* **EXERCISE DIRECTIONS**
Of all the lines in the entries below, give again exactly those starting at the line containing "3 pares de aretes" and ending at the line containing "Folio Liggo cristal 40 mic oficio x 10 un.", both ends included, and no others.

━━━ DATA PROVIDED

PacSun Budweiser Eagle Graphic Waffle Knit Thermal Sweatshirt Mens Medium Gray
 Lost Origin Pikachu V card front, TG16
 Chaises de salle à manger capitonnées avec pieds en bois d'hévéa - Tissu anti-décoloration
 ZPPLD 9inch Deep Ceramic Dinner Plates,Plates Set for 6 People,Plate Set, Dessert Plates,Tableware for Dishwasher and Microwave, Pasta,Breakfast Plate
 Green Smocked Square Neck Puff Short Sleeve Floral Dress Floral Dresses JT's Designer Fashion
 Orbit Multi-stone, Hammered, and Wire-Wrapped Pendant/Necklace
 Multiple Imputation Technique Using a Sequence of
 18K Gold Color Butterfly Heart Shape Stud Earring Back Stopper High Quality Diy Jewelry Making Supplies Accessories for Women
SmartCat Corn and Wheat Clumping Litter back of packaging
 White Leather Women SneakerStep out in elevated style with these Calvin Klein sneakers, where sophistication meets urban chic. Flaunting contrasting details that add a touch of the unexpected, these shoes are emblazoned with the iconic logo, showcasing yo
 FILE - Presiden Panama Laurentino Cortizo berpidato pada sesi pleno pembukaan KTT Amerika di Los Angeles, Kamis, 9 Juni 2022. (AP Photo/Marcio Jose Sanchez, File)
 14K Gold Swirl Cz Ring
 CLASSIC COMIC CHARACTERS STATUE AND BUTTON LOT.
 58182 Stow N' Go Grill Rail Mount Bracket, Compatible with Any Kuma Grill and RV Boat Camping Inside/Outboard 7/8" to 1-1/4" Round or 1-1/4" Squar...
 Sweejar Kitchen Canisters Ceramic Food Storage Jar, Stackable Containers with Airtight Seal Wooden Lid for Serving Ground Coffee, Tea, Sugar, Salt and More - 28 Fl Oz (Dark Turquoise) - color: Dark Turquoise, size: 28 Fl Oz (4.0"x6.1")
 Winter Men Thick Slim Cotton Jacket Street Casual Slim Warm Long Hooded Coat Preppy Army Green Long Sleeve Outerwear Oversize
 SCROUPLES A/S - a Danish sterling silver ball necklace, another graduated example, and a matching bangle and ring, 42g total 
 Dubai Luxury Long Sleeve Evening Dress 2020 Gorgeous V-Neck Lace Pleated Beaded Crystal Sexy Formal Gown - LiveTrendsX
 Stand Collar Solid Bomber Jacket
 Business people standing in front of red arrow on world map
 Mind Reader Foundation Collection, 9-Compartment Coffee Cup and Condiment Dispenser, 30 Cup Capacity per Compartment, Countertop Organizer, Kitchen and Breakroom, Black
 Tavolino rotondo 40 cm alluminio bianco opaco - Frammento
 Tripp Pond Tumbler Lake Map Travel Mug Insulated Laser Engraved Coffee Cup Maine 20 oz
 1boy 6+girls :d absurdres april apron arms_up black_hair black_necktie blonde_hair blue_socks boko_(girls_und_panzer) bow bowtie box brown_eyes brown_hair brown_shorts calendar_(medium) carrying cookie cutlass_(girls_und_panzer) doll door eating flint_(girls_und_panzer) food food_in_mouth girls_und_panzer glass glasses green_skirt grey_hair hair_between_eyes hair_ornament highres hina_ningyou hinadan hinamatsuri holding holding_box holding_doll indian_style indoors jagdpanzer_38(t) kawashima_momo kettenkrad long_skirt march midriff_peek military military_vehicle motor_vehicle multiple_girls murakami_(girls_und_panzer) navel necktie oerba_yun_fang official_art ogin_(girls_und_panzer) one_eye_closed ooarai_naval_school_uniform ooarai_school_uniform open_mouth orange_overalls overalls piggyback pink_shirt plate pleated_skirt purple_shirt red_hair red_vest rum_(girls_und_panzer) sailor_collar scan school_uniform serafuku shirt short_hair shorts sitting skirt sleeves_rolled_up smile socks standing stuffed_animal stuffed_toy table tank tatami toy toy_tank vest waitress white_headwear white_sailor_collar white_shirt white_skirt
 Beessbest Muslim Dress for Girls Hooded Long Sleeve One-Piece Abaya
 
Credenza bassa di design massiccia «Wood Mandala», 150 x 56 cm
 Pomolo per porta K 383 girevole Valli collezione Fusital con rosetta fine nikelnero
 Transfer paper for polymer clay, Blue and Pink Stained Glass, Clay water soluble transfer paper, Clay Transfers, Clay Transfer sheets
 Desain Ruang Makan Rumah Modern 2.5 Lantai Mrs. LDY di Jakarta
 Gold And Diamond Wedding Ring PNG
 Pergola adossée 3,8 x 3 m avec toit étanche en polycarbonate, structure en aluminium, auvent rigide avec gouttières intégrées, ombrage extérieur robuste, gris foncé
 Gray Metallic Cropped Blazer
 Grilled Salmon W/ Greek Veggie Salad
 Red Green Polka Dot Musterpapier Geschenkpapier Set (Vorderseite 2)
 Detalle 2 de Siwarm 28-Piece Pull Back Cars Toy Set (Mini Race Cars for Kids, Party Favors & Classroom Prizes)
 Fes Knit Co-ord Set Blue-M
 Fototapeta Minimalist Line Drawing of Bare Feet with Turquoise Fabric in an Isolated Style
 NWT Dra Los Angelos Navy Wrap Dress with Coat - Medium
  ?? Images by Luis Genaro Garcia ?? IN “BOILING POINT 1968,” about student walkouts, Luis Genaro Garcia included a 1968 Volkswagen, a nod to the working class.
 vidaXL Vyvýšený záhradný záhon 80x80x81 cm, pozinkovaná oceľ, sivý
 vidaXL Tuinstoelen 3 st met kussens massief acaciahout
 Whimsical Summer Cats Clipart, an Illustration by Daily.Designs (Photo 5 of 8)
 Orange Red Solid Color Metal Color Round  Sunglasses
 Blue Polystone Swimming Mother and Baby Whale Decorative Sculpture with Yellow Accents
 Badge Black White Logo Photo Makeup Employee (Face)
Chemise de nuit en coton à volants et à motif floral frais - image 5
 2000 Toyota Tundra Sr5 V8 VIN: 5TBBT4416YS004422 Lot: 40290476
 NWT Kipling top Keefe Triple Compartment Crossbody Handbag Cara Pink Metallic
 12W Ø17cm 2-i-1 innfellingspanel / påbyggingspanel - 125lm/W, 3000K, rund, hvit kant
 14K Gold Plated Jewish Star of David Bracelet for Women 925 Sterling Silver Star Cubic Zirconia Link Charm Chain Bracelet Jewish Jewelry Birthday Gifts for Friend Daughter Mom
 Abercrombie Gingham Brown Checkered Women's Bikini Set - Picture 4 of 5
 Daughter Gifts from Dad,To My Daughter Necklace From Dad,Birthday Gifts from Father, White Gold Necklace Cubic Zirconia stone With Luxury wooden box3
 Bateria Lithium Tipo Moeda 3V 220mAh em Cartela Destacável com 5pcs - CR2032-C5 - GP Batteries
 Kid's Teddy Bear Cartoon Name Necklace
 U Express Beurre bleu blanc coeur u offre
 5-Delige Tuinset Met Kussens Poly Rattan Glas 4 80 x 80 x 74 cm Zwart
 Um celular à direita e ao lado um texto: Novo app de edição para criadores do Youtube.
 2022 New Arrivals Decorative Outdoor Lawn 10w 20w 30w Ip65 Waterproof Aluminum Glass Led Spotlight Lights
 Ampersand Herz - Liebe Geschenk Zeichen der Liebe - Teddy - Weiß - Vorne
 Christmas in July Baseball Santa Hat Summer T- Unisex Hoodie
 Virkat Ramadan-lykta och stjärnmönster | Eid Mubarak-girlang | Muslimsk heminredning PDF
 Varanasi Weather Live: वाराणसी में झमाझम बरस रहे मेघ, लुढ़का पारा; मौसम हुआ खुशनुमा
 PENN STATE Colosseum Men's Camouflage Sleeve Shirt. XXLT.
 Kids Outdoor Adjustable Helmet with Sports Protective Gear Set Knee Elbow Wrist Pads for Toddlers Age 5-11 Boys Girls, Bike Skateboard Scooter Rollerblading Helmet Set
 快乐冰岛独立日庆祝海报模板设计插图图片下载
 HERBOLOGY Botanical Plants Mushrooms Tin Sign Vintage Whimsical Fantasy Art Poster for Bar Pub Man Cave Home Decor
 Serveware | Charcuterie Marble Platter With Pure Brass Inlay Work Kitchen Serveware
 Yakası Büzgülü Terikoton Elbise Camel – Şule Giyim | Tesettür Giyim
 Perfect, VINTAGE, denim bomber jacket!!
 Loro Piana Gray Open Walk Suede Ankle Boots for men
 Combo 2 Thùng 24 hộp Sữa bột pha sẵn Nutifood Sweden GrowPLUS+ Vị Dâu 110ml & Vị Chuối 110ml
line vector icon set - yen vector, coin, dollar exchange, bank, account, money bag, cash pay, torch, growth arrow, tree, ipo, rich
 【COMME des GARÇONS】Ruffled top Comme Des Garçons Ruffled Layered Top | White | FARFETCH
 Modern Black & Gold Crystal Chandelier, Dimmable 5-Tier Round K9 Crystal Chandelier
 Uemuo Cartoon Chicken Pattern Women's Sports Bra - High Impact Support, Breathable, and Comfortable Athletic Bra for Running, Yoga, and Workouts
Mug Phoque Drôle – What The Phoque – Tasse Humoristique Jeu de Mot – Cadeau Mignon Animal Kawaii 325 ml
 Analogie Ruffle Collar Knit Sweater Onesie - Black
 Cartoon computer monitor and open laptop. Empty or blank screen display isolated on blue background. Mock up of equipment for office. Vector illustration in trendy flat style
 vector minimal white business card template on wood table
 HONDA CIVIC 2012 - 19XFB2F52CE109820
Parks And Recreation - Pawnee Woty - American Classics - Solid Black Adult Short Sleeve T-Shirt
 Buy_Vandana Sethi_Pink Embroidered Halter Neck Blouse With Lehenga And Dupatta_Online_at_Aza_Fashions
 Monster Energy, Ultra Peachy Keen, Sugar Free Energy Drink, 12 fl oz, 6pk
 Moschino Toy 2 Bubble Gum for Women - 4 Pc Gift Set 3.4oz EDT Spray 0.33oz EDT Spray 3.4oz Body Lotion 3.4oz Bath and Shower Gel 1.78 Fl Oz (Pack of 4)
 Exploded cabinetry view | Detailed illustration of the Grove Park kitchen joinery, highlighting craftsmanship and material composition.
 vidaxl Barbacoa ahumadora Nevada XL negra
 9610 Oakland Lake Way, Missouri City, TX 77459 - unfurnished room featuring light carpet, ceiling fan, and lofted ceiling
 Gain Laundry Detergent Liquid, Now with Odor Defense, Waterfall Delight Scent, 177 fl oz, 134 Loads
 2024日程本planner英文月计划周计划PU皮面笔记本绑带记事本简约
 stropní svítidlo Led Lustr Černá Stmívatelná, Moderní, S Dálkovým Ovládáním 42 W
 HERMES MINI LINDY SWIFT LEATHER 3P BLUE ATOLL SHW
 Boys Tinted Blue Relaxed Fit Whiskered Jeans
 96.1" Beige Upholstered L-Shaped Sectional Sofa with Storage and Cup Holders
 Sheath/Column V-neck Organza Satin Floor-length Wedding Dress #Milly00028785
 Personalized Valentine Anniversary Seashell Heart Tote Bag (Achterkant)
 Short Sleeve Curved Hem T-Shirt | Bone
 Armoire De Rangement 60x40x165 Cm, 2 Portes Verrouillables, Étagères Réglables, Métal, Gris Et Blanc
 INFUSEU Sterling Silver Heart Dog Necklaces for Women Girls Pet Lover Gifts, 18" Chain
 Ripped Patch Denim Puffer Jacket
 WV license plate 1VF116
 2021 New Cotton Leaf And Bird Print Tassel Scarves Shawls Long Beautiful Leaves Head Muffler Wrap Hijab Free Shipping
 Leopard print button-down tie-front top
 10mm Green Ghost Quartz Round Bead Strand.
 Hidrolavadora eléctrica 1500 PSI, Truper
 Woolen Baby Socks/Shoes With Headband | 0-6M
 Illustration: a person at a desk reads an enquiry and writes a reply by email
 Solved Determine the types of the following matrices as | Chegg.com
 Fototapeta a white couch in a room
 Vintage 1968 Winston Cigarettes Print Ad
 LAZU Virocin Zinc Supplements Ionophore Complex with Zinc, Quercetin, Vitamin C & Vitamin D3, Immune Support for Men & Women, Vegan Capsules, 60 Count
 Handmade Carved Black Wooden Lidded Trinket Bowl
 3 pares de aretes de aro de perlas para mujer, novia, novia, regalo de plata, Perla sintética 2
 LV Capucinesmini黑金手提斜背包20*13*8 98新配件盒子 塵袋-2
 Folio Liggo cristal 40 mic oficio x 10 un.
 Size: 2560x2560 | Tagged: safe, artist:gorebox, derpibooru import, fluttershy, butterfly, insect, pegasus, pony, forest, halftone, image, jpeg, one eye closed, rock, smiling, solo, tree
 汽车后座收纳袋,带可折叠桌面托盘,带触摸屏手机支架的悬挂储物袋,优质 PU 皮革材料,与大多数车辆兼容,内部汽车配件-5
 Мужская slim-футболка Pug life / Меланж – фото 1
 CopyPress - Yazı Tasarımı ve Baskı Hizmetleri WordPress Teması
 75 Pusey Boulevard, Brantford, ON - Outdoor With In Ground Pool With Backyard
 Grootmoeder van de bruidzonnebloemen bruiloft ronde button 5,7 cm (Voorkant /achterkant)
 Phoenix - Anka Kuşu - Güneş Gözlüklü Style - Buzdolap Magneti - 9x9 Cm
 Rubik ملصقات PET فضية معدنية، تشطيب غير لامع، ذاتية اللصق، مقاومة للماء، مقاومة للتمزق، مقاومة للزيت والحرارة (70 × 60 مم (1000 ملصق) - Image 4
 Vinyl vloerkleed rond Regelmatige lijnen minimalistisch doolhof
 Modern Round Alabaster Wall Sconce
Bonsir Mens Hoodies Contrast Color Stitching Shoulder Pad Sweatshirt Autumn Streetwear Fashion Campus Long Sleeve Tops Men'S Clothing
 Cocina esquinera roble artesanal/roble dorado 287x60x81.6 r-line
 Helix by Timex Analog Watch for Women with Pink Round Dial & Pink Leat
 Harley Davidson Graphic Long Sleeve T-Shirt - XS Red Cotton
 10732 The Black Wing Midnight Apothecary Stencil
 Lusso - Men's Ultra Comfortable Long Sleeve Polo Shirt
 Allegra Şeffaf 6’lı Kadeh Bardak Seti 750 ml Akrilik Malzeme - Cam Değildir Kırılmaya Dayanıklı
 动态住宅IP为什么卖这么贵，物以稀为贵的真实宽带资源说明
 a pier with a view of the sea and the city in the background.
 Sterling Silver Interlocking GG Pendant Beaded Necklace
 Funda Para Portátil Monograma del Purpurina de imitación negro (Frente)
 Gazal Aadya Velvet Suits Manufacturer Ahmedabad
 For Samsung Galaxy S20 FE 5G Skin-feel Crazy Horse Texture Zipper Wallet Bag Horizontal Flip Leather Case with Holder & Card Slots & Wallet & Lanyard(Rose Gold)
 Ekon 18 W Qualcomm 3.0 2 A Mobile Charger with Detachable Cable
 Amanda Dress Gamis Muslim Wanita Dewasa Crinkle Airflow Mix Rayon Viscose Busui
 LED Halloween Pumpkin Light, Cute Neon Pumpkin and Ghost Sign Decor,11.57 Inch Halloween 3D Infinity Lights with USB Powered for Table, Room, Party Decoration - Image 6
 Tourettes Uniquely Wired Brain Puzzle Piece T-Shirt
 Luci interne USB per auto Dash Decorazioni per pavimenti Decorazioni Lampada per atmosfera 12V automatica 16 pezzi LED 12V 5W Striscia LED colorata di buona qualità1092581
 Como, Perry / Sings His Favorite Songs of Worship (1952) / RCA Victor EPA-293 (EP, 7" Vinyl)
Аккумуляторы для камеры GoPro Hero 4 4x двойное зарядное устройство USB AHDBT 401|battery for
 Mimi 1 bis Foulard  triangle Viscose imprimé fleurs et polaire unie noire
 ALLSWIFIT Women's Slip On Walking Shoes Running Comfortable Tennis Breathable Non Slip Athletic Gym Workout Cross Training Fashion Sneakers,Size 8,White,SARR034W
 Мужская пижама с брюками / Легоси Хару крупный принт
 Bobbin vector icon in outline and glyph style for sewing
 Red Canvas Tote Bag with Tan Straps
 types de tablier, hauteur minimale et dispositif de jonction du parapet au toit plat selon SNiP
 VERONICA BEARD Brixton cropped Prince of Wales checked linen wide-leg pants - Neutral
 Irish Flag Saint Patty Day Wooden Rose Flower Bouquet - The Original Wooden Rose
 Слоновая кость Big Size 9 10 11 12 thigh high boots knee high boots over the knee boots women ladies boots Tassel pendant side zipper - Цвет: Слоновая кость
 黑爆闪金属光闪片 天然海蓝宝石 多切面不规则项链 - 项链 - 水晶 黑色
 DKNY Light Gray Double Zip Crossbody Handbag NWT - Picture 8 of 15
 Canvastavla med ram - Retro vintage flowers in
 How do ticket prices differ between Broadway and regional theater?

━━━━━━

* **ANSWER AREA**
 3 pares de aretes de aro de perlas para mujer, novia, novia, regalo de plata, Perla sintética 2
 LV Capucinesmini黑金手提斜背包20*13*8 98新配件盒子 塵袋-2
 Folio Liggo cristal 40 mic oficio x 10 un.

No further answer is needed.